Sunny side up: Proposed Allen Land Development Code amendments to include solar panels
One minute after the polls closed on Election Day, Chairman Robert Wendlund called the Nov. 6 Allen Planning and Zoning Commission meeting to order. Two minutes after that, he turned the agenda upside down.
The land development code was the reason for the change.
"It is our custom and certainly with the support of our fine staff to revisit the Allen Land Development Code [ALDC] on a semi-regular basis," Wendlund said, "to address those matters that need to be addressed as circumstances change or new improvements in planning and other matters arise."
Proposed amendments to the ALDC include outdoor lighting, residential driveway access, front yard patios, driveway cuts, street lights, a simplified fees structure, and adding a new section regulating solar panel installations.
"Currently in the land development code there is no mention of solar panels - it's not addressed at all," said Lee Battle, assistant director of community development. "It wasn't contemplated when this code was written 10 years ago, so there is no guidance.
"What we need to do is put some regulations in place to make sure installations are, first of all, safe ... but also mitigate any potential impacts that these installations may have on adjacent properties."

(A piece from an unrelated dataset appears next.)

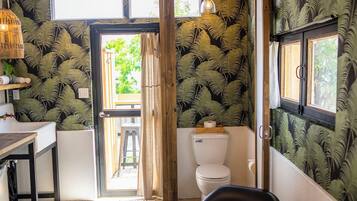 A room with a wooden ceiling, a black chair, a striped rug, a sink, and a toilet with a fern wallpaper.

Some of the requirements are that the solar panels may be installed in any zoning district but on rooftops only, and they must be inset at least 2 feet from all roof edges. Residential systems cannot face the street; commercial, flat-roof installations must include screening walls around the panels.
In all cases, the regulations stipulate that the systems must be installed by licensed technicians and cannot be free-standing structures easily accessible by people or pets.
"We are dealing with electrical generation," Battle said, "and we do know that even if the solar panel system is completely disconnected from the grid, it's still generating electricity and it does have the potential to be an electrical hazard, and there are stories out there of people being electrocuted from disconnected solar panels."
Jeff Cocking, vice chairman, wanted to consider possible future provisions for "ground-based installations" as well as for solar shingles.
"Especially potentially for front-end use, because a lot of properties don't have front use, and the new solar shingles ... they just look like shingles, and they're not the gigantic boxes of electronics we normally think of when we think of solar cells," he said.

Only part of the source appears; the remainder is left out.